The Working Equitation discipline is intended to promote competition between traditional styles of working riding used in various countries, and also to act as a showcase for traditional riding costumes and equipment.

Competition events may be individual or for teams, and are in three or four parts:

  • Dressage, in which the horses perform obligatory movements to music for around 7 minutes
  • Ease of Handling, a gymkhana-type event in which horses must overcome obstacles similar to those likely to appear in the field, such as bridges and gates
  • Speed, where similar obstacles must be overcome, but against time
  • Cow (only for team competitions), in which the four team members separate a specific numbered cow from a group.[1]

The Team event at the 2010 European Working Equitation Championships was won by riders from Portugal.[2]

World Championships[edit]

The first Working Equitation World Championship was held from 11–13 October 2002 at Beja, Portugal, with teams from Brazil, France, Italy, Mexico, Portugal, Spain and the United Kingdom.[3] The team from Portugal won the team event, and the individual competition was won by Fabio Lombardo of Brazil on Brilho do Rimo with 100 points.[4]

In the second Working Equitation World Championship in Lisbon from 26 to 29 October 2006, there were teams from France, Italy, Mexico, Portugal, Spain and the United Kingdom. The Portuguese team won the team event for the second time in a row[5] and David Duarte Oliveira of Portugal won the individual event with his horse Mulato.[6]

The third World Championship was held five years later, from 26–30 October 2011, in Lyon, France.
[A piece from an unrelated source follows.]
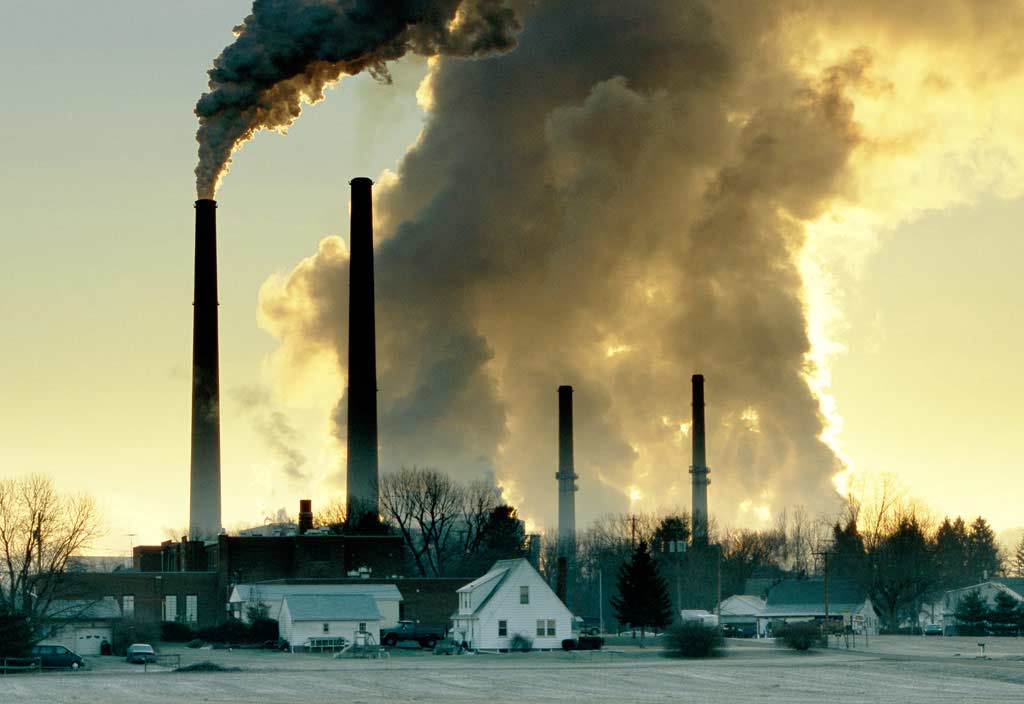 Clima, Onu: “Nuovo record di gas serra, siamo molto fuori strada” Clima, Onu: “Nuovo record di gas serra, siamo molto fuori strada”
There were six national teams and 25 individual riders from 8 different countries.The team from Portugal again won the team event, and Pedro Torres of Portugal won the individual event on Oxidado.[7][8]

At the fourth World Championship, held at Ebreichsdorf in Austria from 5–8 June 2014, there were 28 individual entries from 10 different countries, but only four national teams. The Portuguese team again won the team event and the four members of the team took the first four places in the individual event, which was won by Bruno Pica da Conceição and Trinco.[9][10]